The medium for E. coli was 2xTY (29). Media and growth of S. pneumoniae have been described (30). When required, antibiotics were added at the indicated concentrations (in μg ml⁻¹): kanamycin, 40; streptomycin, 25; dihydroampicillin, 50; chloramphenicol, 10 (E. coli) or 3 (S. pneumoniae); tetracycline-HCl, 1.

Oligonucleotides, Enzymes, and Reagents.

The sequences of the oligonucleotides in the nicking assay and for nucleotide sequence standards were (5′ to 3′): no. 6, complementary to F factors, CCCGGCCTGCAAGATCAAAGC [R1 positions 1865–1885] and primer pMV158, used with the Gram(+) plasmids, TTCATGCGTCACCTCTC [pMV158 positions 659–643]. No. 6*, AATTGCTTTGATCTTGCAGGCCGGGAGCT was used for the control template.

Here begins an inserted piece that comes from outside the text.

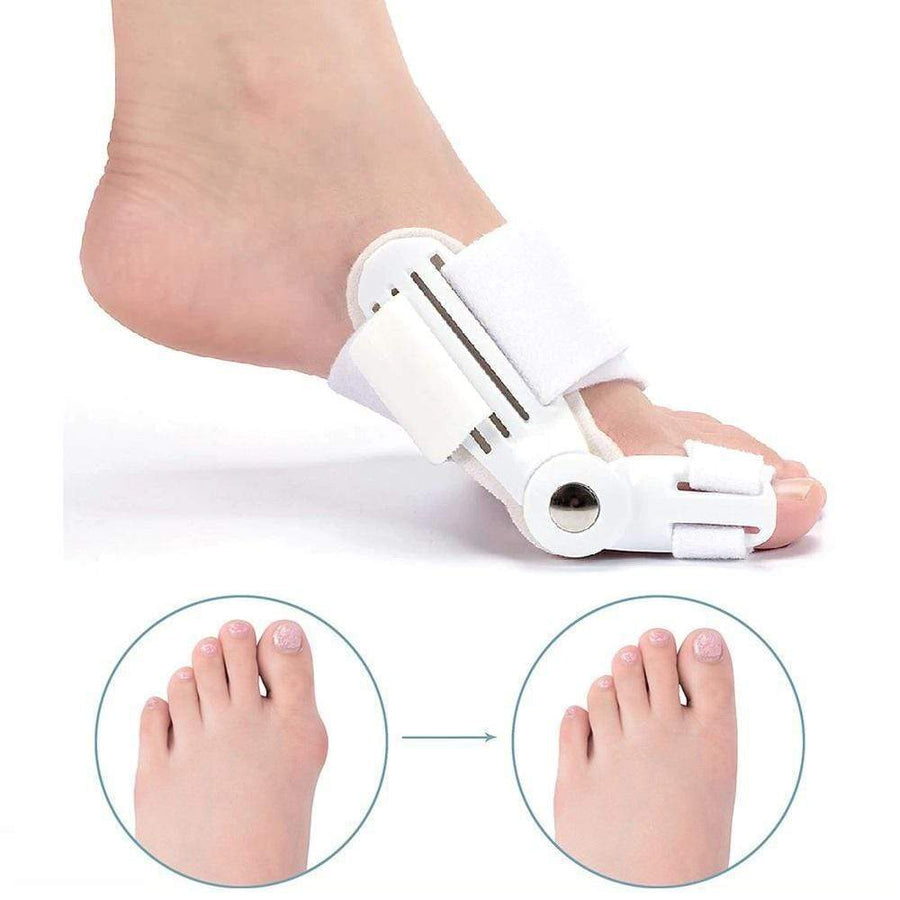 BunionAlign™ – Correcteur Orthopédique d’Oignon Ajustable & Confortable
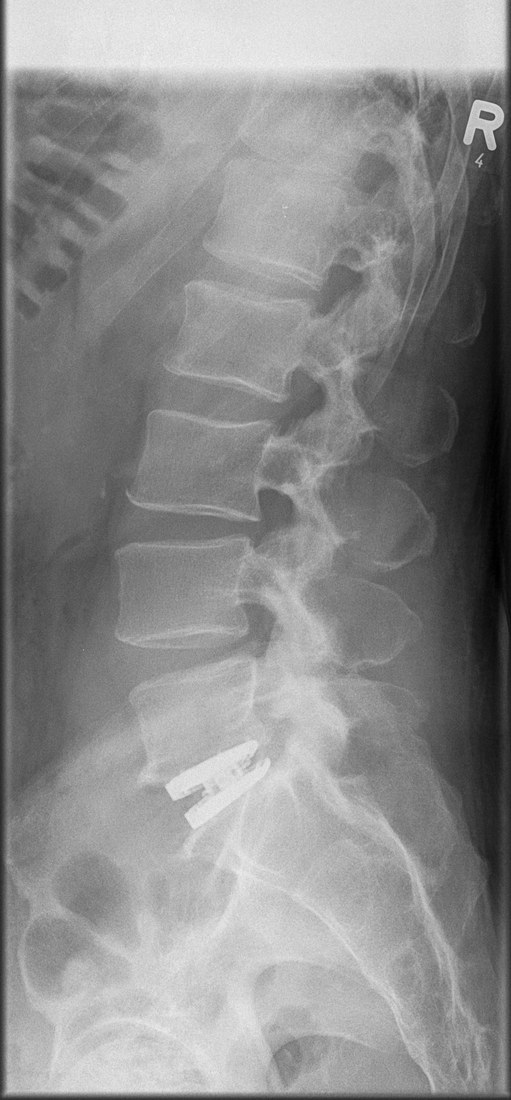 Day one after surgery, side view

For the molecular cloning of traI, TRAI-1, TCTCCCATGCTGCCCAGCAC and TRAI-2, GACCTGCAGAAAGAGAAAACCCTGGG were used.

Restriction endonucleases, calf intestinal phosphatase, T4 DNA ligase, and T4 polynucleotide kinase were purchased from Boehringer Mannheim. Klenow enzyme was purchased from New England Biolabs. The Thermus brockianus thermostable DNA polymerase, DyNAoyme, was obtained from Finnzymes (Espoo). Radiochemicals were purchased from NEN.

Preparation of Expression Constructions for the E. coli arcA Gene and the R1 traI Gene.

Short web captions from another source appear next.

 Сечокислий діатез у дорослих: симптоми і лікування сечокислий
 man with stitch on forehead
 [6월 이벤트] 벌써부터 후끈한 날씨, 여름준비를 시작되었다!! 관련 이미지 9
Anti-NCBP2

Standard recombinant DNA techniques (31) or those suggested by the manufacturers were used.

Molecular Cloning of the traI Gene of Plasmid R1-16.

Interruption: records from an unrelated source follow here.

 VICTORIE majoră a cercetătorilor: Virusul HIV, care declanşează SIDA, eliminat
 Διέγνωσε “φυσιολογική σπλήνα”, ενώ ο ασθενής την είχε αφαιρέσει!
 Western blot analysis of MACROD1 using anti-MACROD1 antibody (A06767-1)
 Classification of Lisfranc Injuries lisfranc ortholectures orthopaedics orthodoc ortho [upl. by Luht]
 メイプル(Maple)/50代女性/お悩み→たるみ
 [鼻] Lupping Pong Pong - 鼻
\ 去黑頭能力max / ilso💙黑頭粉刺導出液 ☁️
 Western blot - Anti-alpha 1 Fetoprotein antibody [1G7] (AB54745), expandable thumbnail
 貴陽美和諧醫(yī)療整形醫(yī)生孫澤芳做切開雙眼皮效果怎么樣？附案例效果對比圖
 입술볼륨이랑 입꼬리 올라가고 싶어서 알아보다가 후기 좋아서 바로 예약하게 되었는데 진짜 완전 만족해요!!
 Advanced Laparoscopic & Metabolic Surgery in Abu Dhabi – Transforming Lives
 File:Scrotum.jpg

An 11.3-kb Nsi fragment from R1-16 DNA, identified by hybridization to 5′ and 3′ traI probes, was ligated to linear pBluescript SK+ DNA. Partial DNA sequence of the region upstream of traI of positive clone pHP1 was obtained using primer TRAI-1 and the T7 sequencing kit (Pharmacia). These data were sufficient to identify an AsnI site 51 nt upstream of the traI start codon. A 6.1-kb AsnI fragment of pHP1, containing traI, was made blunt and subcloned to SmaI-digested pGZ119HE DNA (P_tac-lacI^q). Clone pHP2 was used for complementation of nicking in vivo.

The arcA gene of E. coli was excised from pUAA-1 (EcoRI/HindIII) and introduced to pGZ119HE DNA. Positive clones were identified by PCR amplification of the arcA gene and complementation of conjugal donor ability of E. coli 122-1 arcAΔ.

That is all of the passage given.